I got the bad news from my friend Robert. Joaquin sent him a text message Sunday morning, and told him it was time to break up.
To say it hit Robert out of nowhere is an understatement. Because Robert’s married to Sara. And he’s faithful. And he’s heterosexual. And he’s never met a Joaquin, let alone dated one.
As Robert and I joked back and forth, we couldn’t figure out what was less gentlemanly — breaking up via text message, doing it at an ungodly hour (he told me the text arrived at 4:45 a.m.) or not being 1,500 percent sure he texted the correct number.
We sought the proper response, usually starting with, “You know what would be funny?” Followups include a newspaper ad saying, “If your boyfriend’s name is Joaquin, call him. Trust me.” Robert considered texting back, “I’m pregnant, and it’s yours.” I suggested, “I used to be a dude.”
If we were five years younger, Robert and I might have put action to such words. But we’re adults, and we stopped after the laughs. We stopped because some girl has no idea she’s been dumped. We never met her, but decided to care about her feelings because Joaquin — the guy who should have — didn’t.
The exponential revolution of communications amazes me every day, and I could fill columns for the rest of the week with examples. But it’s also made love a more complicated battlefield as doing what’s right battles to the death against doing what’s convenient.
I’ve been the carnage. I was broken up with via e-mail. She apologized later, but the damage was done. The sting of rejection was bad, but it was overwhelmed by resentment. So instead of dealing with how I could make myself a better man for the girl who’s right for me, I wasted a lot of time feeling angry and slighted.
But sometimes, even face-to-face doesn’t work out. I was dating a girl we’ll call Julie, and we both knew things weren’t all that serious. I met a girl I thought could really turn into something, and decided I had to do the right thing and break things off with Julie first.
Anyway, we met for lunch, caught up on everything, and I prepared for the possibility of a sobbing girl when I mentioned Kasey.
But she didn’t cry.
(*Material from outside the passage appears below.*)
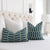 Schumacher Luna Blue and Turmeric Graphic Block Print Designer Decorative Throw Pillow Cover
Her eyes lit up, and she told me about Dustin. And we both confided how much we weren’t looking forward to breaking the news. A few hours later, I actually confirmed the breakup via e-mail: “Hey Julie ... we broke up, right? That seemed a little too easy.”
Are there times when it’s acceptable to court via e-mail or text? Sure. But it’s the in-person things that matter most — how one person hugs tighter than anybody else, or can say everything with a silent stare. Maybe I’m old-fashioned, but closure deserves that same respect.
But maybe I’m wrong, and Joaquin will survive the battlefield. He’ll find somebody he’ll want to spend the rest of his life with. And he’ll propose ... perhaps by text message.